I'm continuing to fly through available Mitchell books. I'd picked up The Thousand Autumns of Jacob de Zoet at the same event where I grabbed The Bone Clocks, and devoured it in a couple of days over the holiday. It was, as I've come to expect from Mitchell, fantastic. It's also quite different from his other books that I've read in some interesting and often pleasant ways.
Unlike many of his books, which have far-ranging structures with a grand narrative that spans the globe and decades or centuries in time, Thousand Autumns is much more local. Nearly the entire book takes place in a span of just 18 months, and of that, the majority of the story occurs on a tiny island just about two acres large. This lets Mitchell show off some different gifts: instead of virtuosic linking together of disparate characters and themes across seemingly impassable temporal and spacial distances, in this book he delves deeply, gradually uncovering more and more aspects of his titular character and the various Japanese and European people he encounters.
MINI SPOILERS
I always hesitate to generalize, even though I feel compelled to do so. Many of my favorite authors have a recognizable type that they seem to enjoy working with as protagonists. Murakami famously features supremely passive aimless young men. Stephenson loves brilliant self-taught outsiders. Mitchell seems to like featuring characters with deeply rooted moral centers. These are still flawed characters, and they beat themselves up over the mistakes they make and the people they hurt, but over the course of the novel they become increasingly assured at expressing their beliefs and standing up against oppression.

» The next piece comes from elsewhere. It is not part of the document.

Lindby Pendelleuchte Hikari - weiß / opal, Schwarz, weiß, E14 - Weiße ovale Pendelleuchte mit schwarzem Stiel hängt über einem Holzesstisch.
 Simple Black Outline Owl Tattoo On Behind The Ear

Jacob is an incredibly likeable character. A devout follower of the Dutch Reformed Church, he continues Mitchell's refreshing trend of positively depicting Christians whose religious belief compels them to do good in the world. (And, to be fair, the book also provides continuing examples of those who use faith as a cover or an excuse for the advancement of themselves and their race.) From the very beginning, he struggles as he must evaluate his various obligations and loyalties. Is it proper for him to smuggle his personal Psalter into Japan, violating an international treaty? May he use deception to root out corruption? Should he obey his superior's direct order to forge a letter? Often, there seems to be no good solution to the dilemmas Jacob faces; it's good, though, so see the struggle, and recognize that for Jacob it actually matters to do the right thing. Surrounded by greed on all sides, he seems determined to stand apart.
Which is not, incidentally, to say that Jacob is a saint or lacks ambition. That's one of the details of his character that I especially enjoyed: in addition to being faithful, he is also a capitalist. He reads Adam Smith, and borrows money to (legally) bring a valuable cargo in to Japan, which he then sells for an enormous profit. This makes him feel very believable, both as a fully-realized character, and also as a Dutchman: he comes from a tradition that values thrift and resourcefulness and belief, and as the novel continues he increasingly comes to stand for a sort of ideal of his people.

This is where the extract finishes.